İYİ Parti’den Ankara Milletvekili seçilen ve geçtiğimiz günlerde partisinden istifa eden Adnan Beker’le ilgili 12 Aralık Salı günü medyaya yansıyan haber, yine duyanların kanını dondurdu. Beker, TV 100’de katıldığı canlı yayında 14 Mayıs’ta oyunu hiç kullanmadığını, 28 Mayıs’ta yapılan Cumhurbaşkanlığı seçiminin ikinci turunda ise Cumhur İttifakı’nın adayı Erdoğan’a verdiğini, hiç tereddüt bile etmeden açıklıyor, Altılı Masa’yı da şöyle eleştiriyor:
“Bunlar bizim Pursaklar Belediyesini yönetemezdi, ne anlatıyorsunuz ya! Tayyip Bey’den başka aday yoktu ki, kime verelim?”

Kendi kendisine bile oy vermeyen, benim ve benim gibi umut bağlamış milyonlarca insanın analarının ak sütü gibi helal oyları ile milletvekili seçilen bu tür siyasetçilerin yaptığına ne denir?

Bana göre tek kelime ile “ihanet”. Mayıs seçimlerinden bir ay kadar sonra burada yazmıştım, “İYİ Parti’den Ankara milletvekili seçtiğimiz Adnan Beker’i, Kurban Bayramında Keçiören’deki cadde ve meydanları süsleyen bayram kutlama afişleri ile tanıdım. Ondan başka da ne iktidar mensubu ne de muhalefetten bir başka siyasinin bayram kutlama görseline rastlamadım. Bu da bana, seçim sonrası ortaya saçılan, ‘Parayı bastıranlar milletvekili oldu’ şeklindeki söylentileri anımsattı.

İYİ Parti’de iç çalkantılar ve istifalar başlayınca partisinden ayrılan ikinci milletvekili Adnan Beker olmuştu. Daha önce Eskişehir Milletvekili Nebi Hatipoğlu istifa etmiş, hemen giderek Ak Parti’ye katılmış, rozetini de Cumhurbaşkanı Erdoğan takmıştı. Adnan Beker’in de Ak Parti’ye katılacağından söz ediliyordu.
Nitekim partisinden istifasını izleyen günlerde TV 100’de katıldığı canlı yayında Adnan Beker yine ‘Altılı Masa’ya vermiş veriştirmiş, “Mayıs seçimlerini muhalefete kazandırmadığı için Allah’a şükrediyorum, kazanmış olsalardı bugüne kadar daha bakanlar kurulunu bile oluşturamazlardı” demişti.
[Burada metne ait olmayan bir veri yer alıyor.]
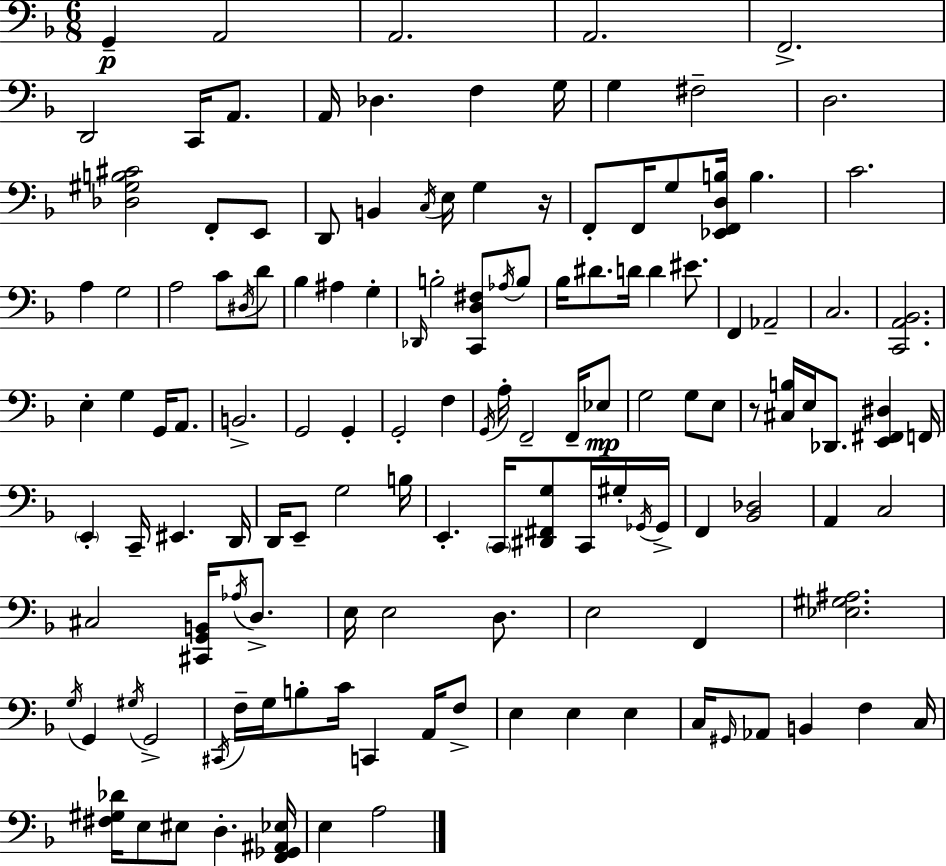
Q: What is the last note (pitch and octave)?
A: A3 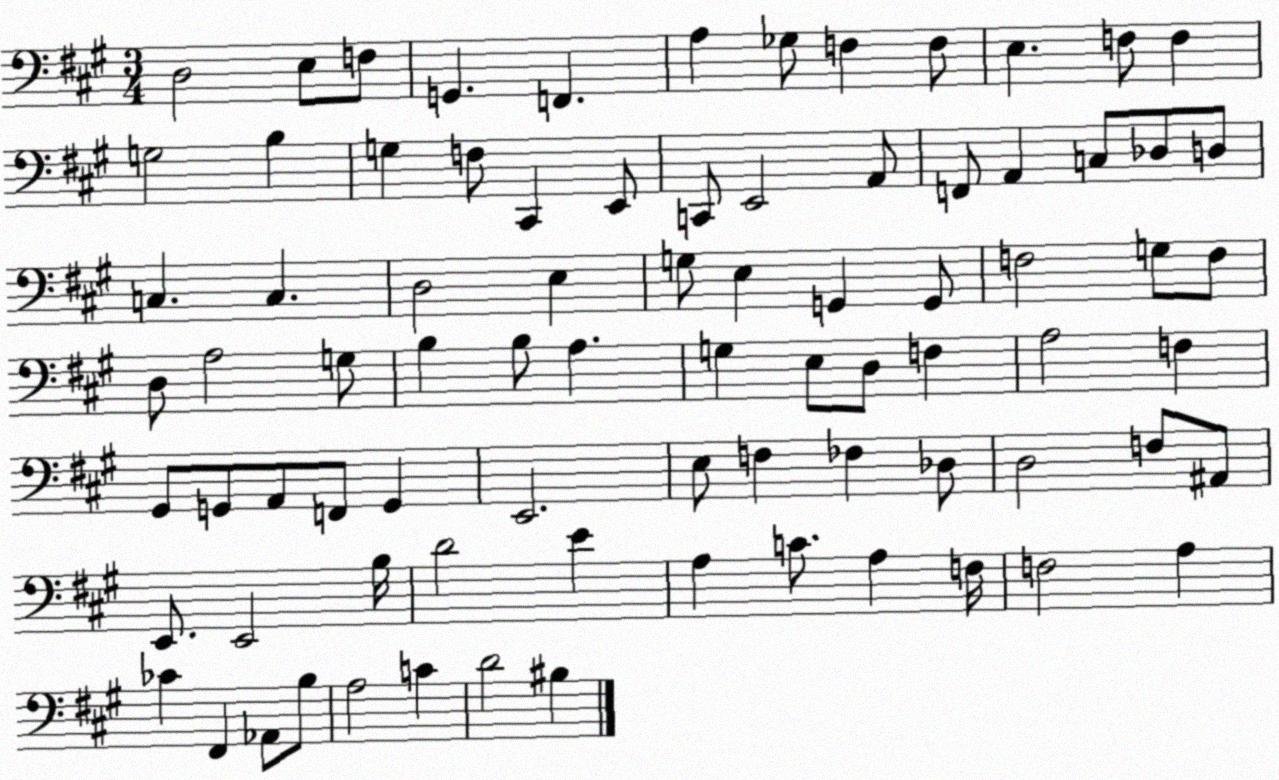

İYİ Parti içerisindeki kaynaşmaları ve son gelişmeleri zaman zaman burada yorumlamaya çalıştım, bugüne kadar neyin peşinde koştuklarını, neyi amaçladıklarını, nereye ulaşmaya çalıştıklarını da kimse anlayamıyor, anlatamıyor. Son gelişmeler gösteriyor ki, başta Meral Akşener olmak üzere bir çok İYİ Partili siyasetçi ve seçmenleri, perde arkasından iktidarın değirmenine su taşımışlar.

Siyaset, devleti yönetmeye talip olanlar arasında geçen bir yarıştır. Oy toplamak için halkın karşısına çıktıklarında, iktidarda bulunanlar, yaptıklarını ve yapacaklarını anlatarak oy toplamaya çalışırlar, muhalefettekiler ise devletin iyi yönetilmediğini, iktidarın uygulamardaki hatalarını ortaya sererler, kendilerinin daha iyi bir yönetim sağlayacaklarını savunarak seçimi kazanmaya çabalarlar.  

Son günlerde İYİ Parti’nin sergilediği politikalar, “Turuva Atı” efsanesine de benzetilmeye başlandı, “Ak Parti iktidarı, içeriden parçalamak için İYİ Parti’yi muhalefet kanadında konumlandırdı ve bunda da başarılı oldu” deniliyor. Devlet yönetiminden memnun olmayan, yoksulluk, hak, hukuk ve adalet arayışı içerisinde çırpınan toplumumuzun en az yüzde 48’inin umutlarını heba eden bu tür siyasetçilerden ne bekleyeceğiz?